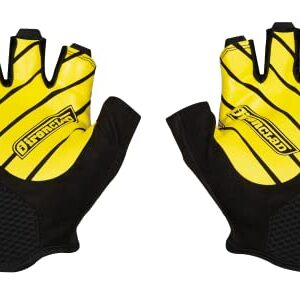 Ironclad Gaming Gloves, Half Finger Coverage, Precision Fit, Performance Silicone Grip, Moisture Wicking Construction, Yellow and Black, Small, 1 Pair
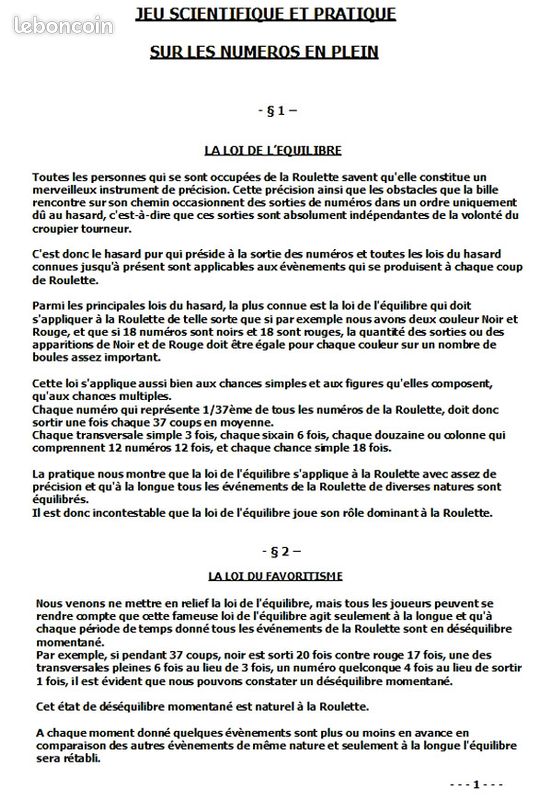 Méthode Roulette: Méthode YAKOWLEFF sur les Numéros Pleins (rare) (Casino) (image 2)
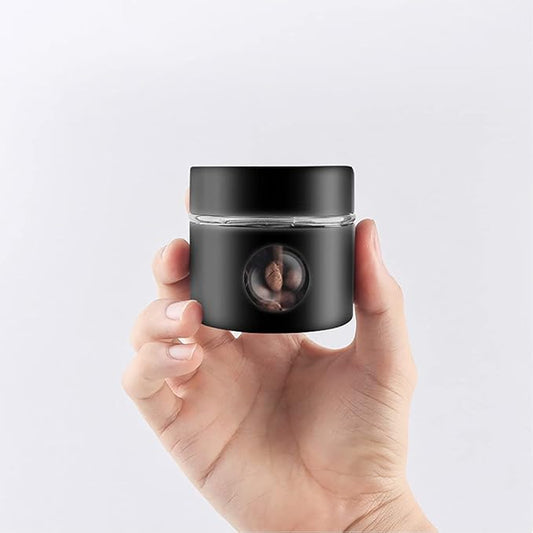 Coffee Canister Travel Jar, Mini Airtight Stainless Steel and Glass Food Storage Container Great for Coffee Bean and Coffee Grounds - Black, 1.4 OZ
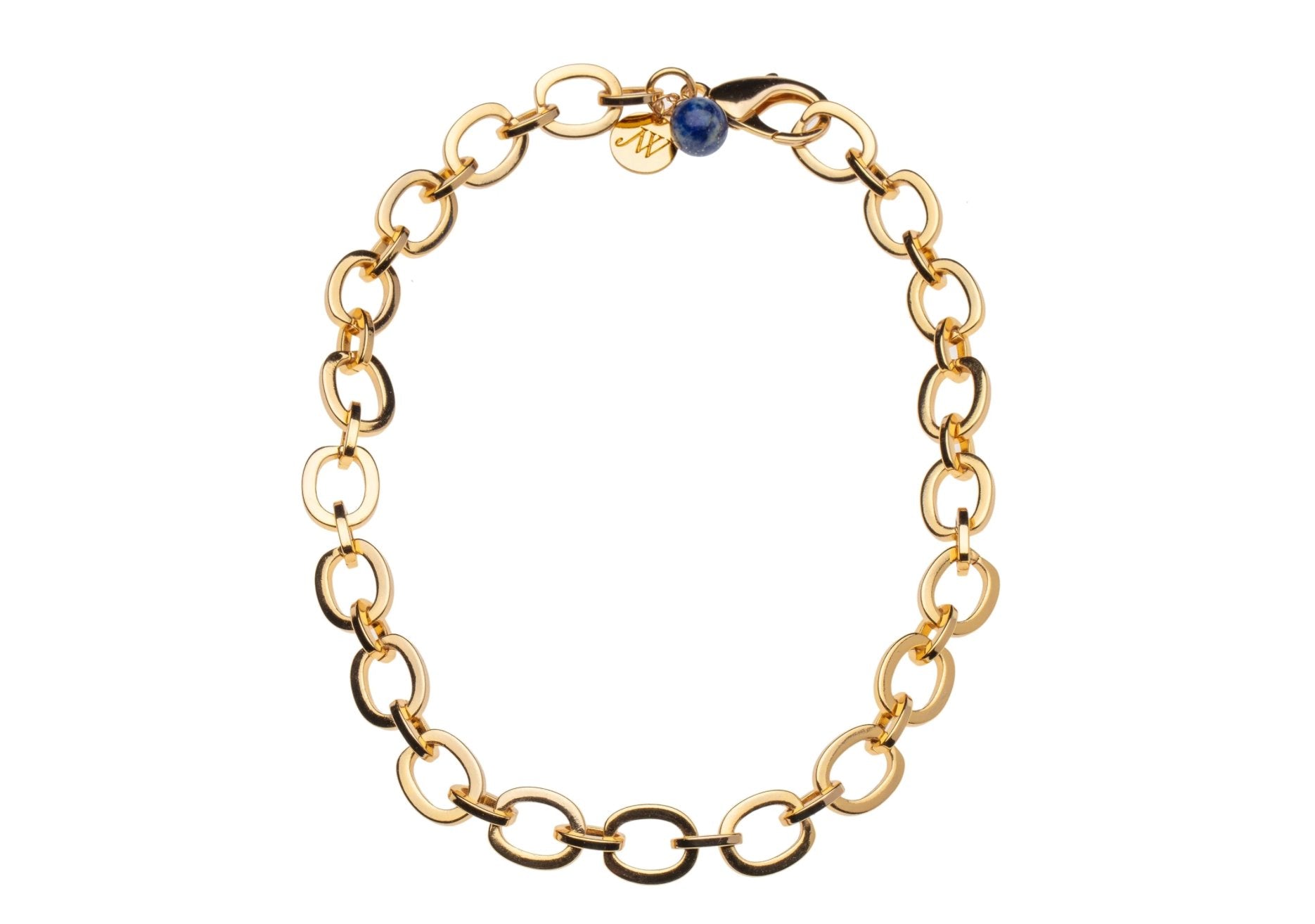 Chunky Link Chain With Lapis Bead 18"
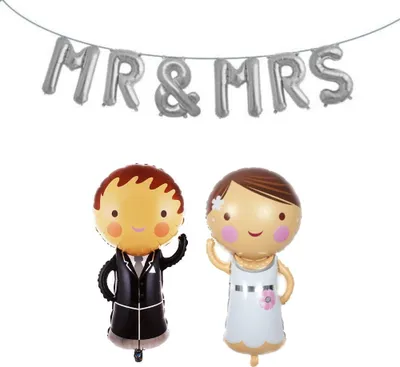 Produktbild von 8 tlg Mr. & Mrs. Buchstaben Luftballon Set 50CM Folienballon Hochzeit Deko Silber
...
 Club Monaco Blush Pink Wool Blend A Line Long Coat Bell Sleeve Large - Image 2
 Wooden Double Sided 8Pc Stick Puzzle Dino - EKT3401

** Task to complete **
Range to print from the listing above: from the line with "Ironclad Gaming Gloves, Half" up to and including the line with "Chunky Link Chain". Please print those lines exactly, with no pictures and nothing more.

** Task output **
 Ironclad Gaming Gloves, Half Finger Coverage, Precision Fit, Performance Silicone Grip, Moisture Wicking Construction, Yellow and Black, Small, 1 Pair
 Méthode Roulette: Méthode YAKOWLEFF sur les Numéros Pleins (rare) (Casino) (image 2)
 Coffee Canister Travel Jar, Mini Airtight Stainless Steel and Glass Food Storage Container Great for Coffee Bean and Coffee Grounds - Black, 1.4 OZ
 Chunky Link Chain With Lapis Bead 18"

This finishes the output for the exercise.